*** Material to process ***

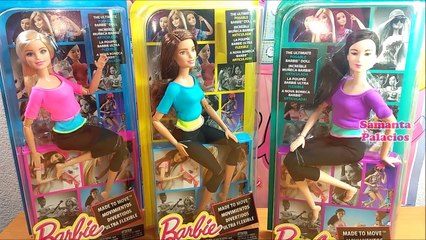Muñecas Barbie Movimientos Divertidos/ Barbie Made To Move Dolls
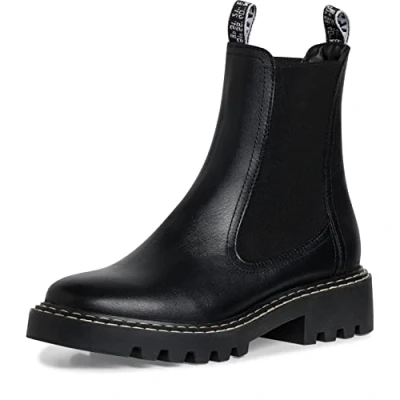 Abbildung von Tamaris Damen Ankle Boots, Frauen Stiefeletten,Wechselfußbett,Booties,halbstiefel,Kurzstiefel,uebergangsschuhe,uebergangsstiefel,Black,41 EU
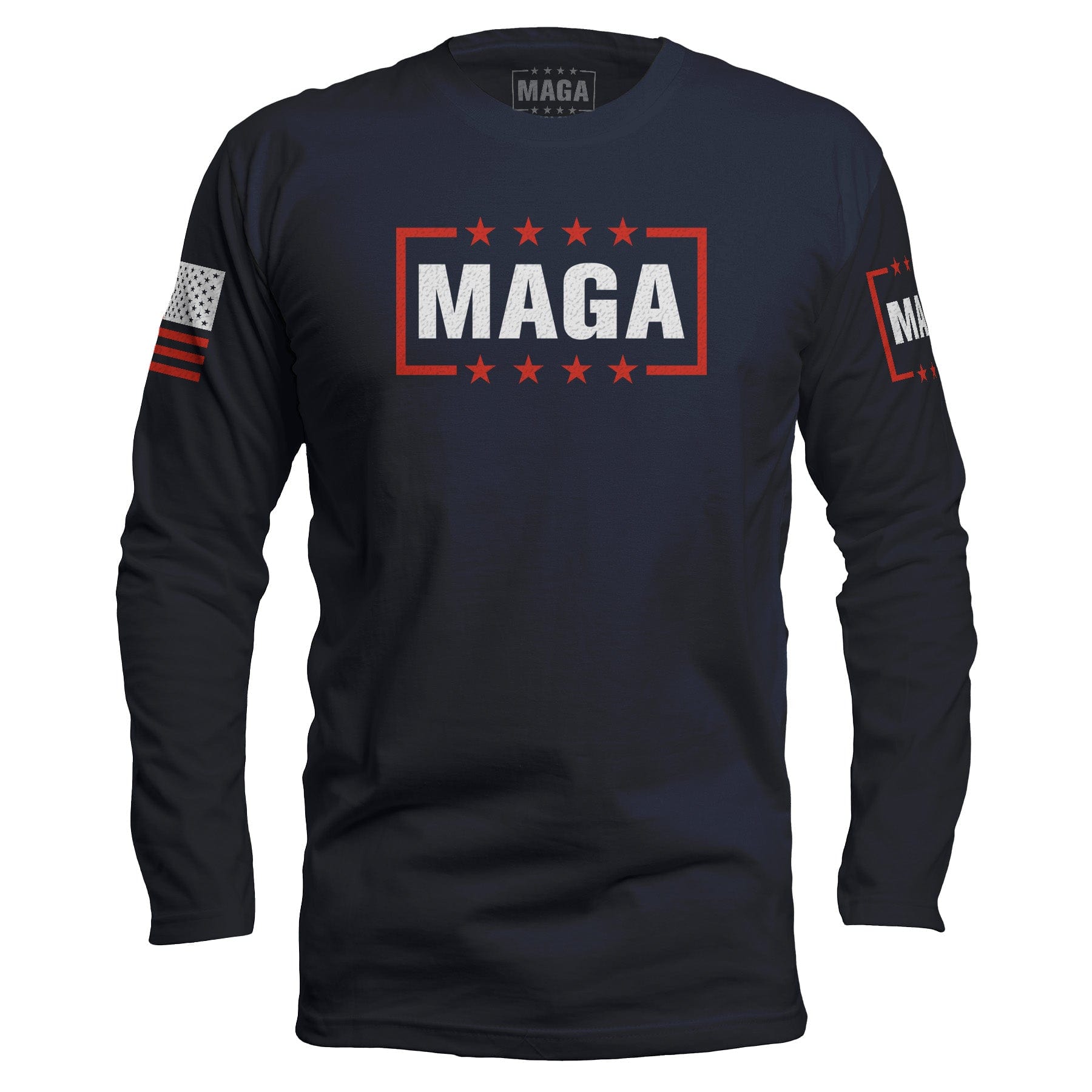 Midnight Navy / S MAGA Logo Long Sleeve maga trump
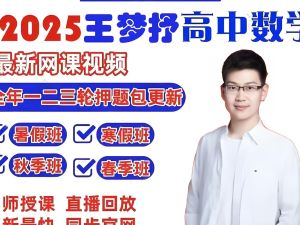 2025王梦抒数学高三高考数学全程一轮暑秋季网课视频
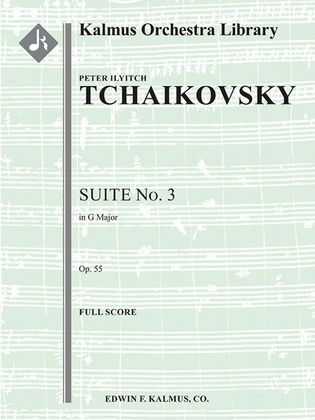 Suite No. 3 in G, Op. 55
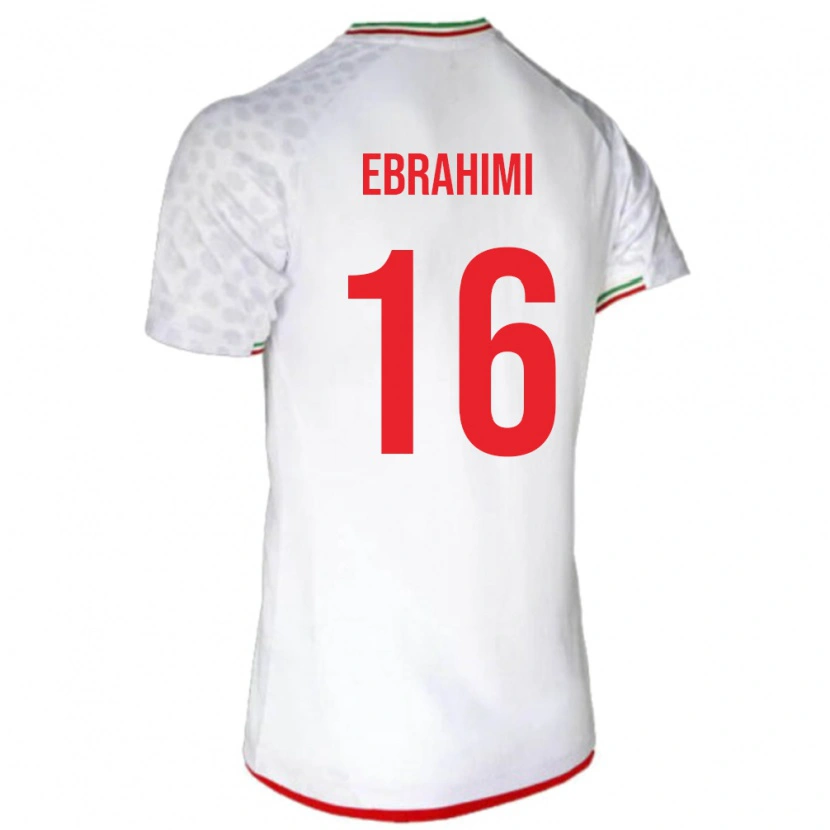 Danxen Kid Iran Omid Ebrahimi #16 White Home Jersey 24-26 T-Shirt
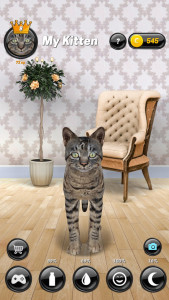 اسکرین شات برنامه My Kitten : Virtual Pet 1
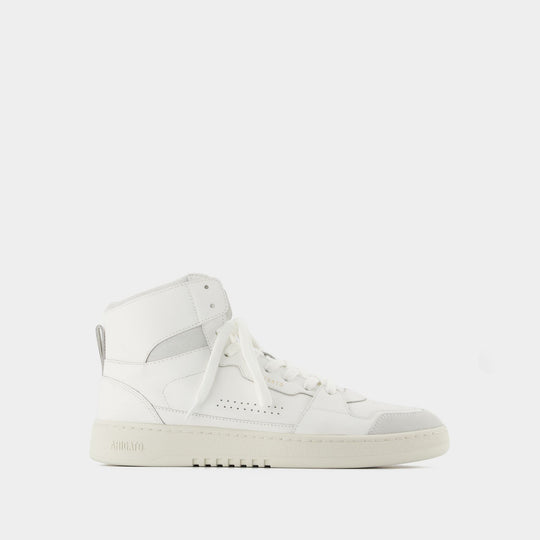 Dice Hi灰色皮质运动鞋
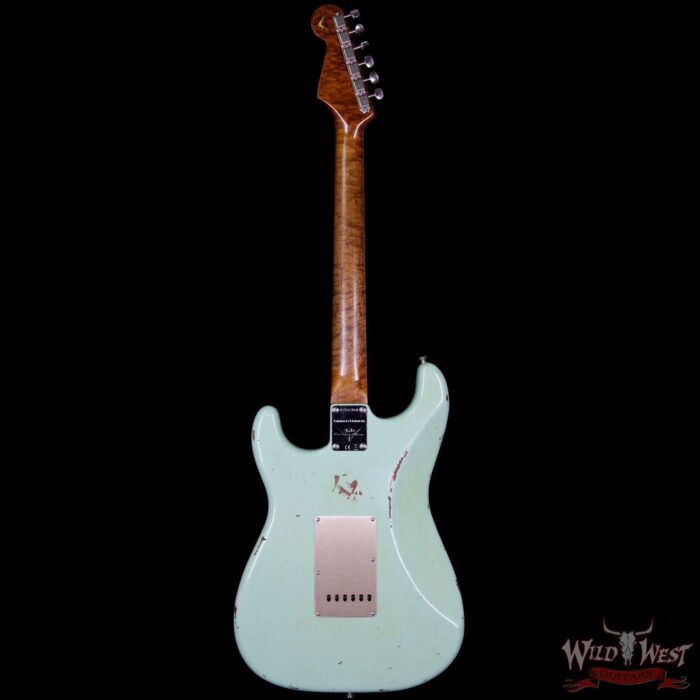 2017 NAMM Fender Custom Shop 30th Anniversary LTD 1960 Roasted Stratocaster Relic Aged Surf Green - Image 6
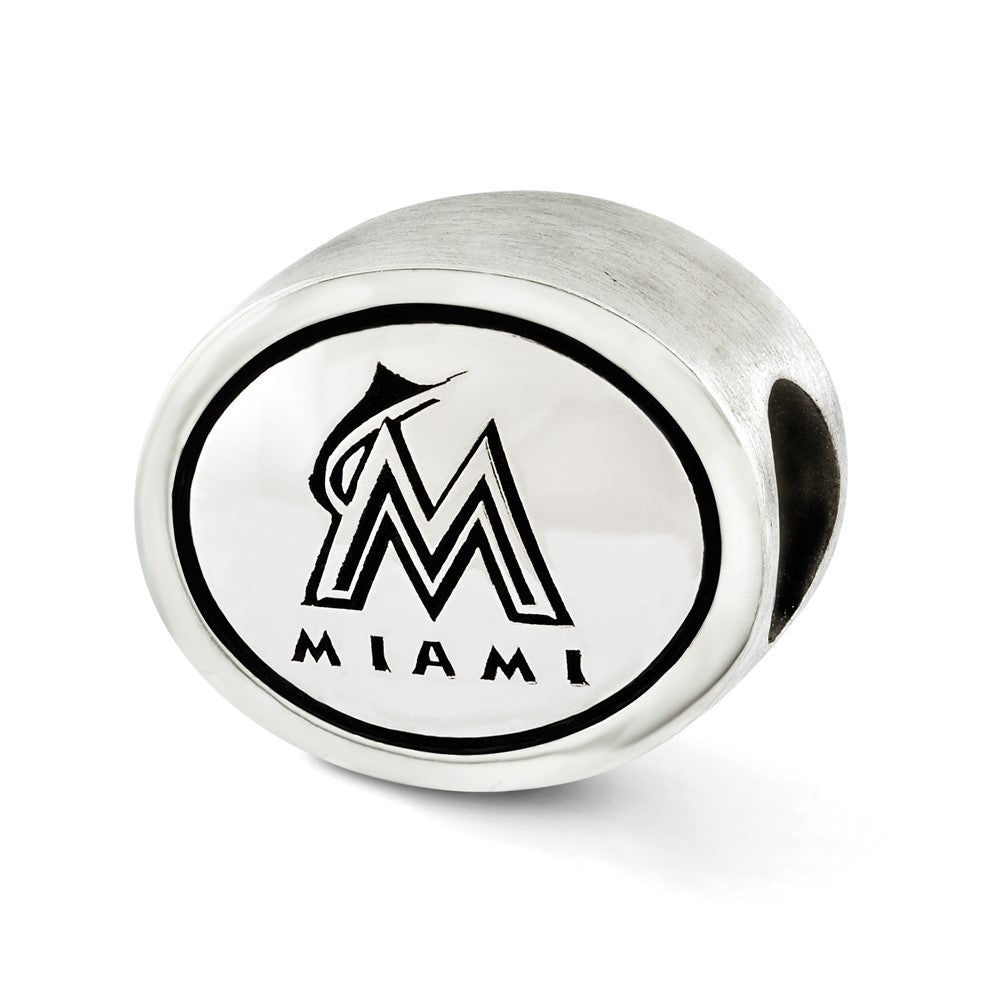 Sterlingsilber Mlb Siskiyou Schnalle Antikisiert Miami Marlins Perle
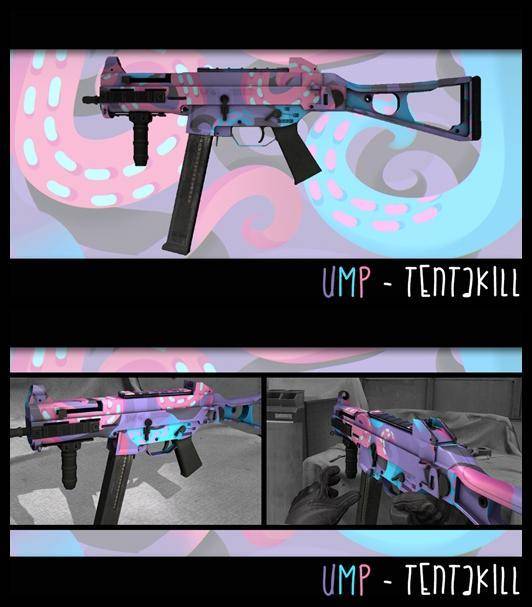 少女粉粉 csgo创意工坊皮肤之tentakill系列皮肤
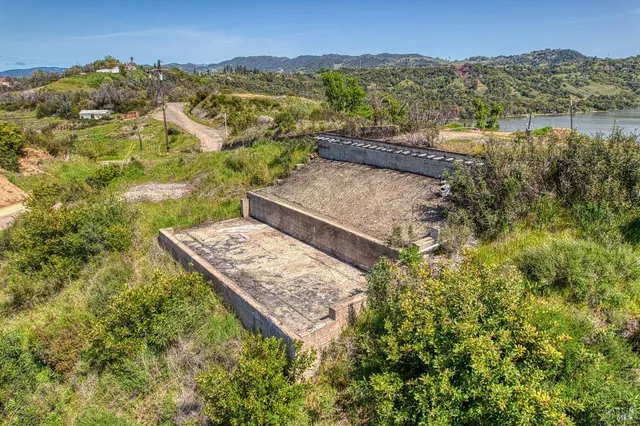 a view of lake with mountain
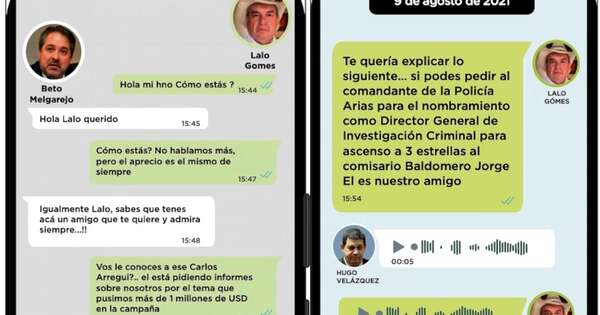 La Nación / Chats de Lalo: los medios afines blindan a Marito del escándalo
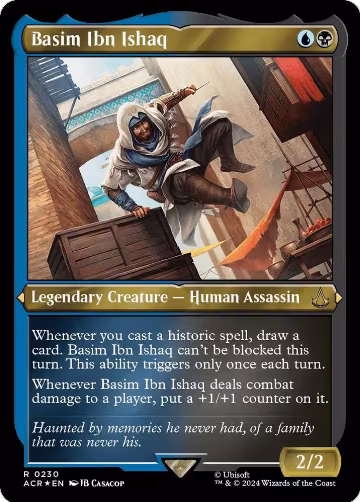 Basim Ibn Ishaq (Foil Etched) (230), Universes Beyond: Assassin's Creed — Magic card price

***

Exercise objective: The required output is an exact copy of the lines from the one with "La Nación /" through the final line of the data above, with pictures removed.

Reply to the exercise:
 La Nación / Chats de Lalo: los medios afines blindan a Marito del escándalo
 Basim Ibn Ishaq (Foil Etched) (230), Universes Beyond: Assassin's Creed — Magic card price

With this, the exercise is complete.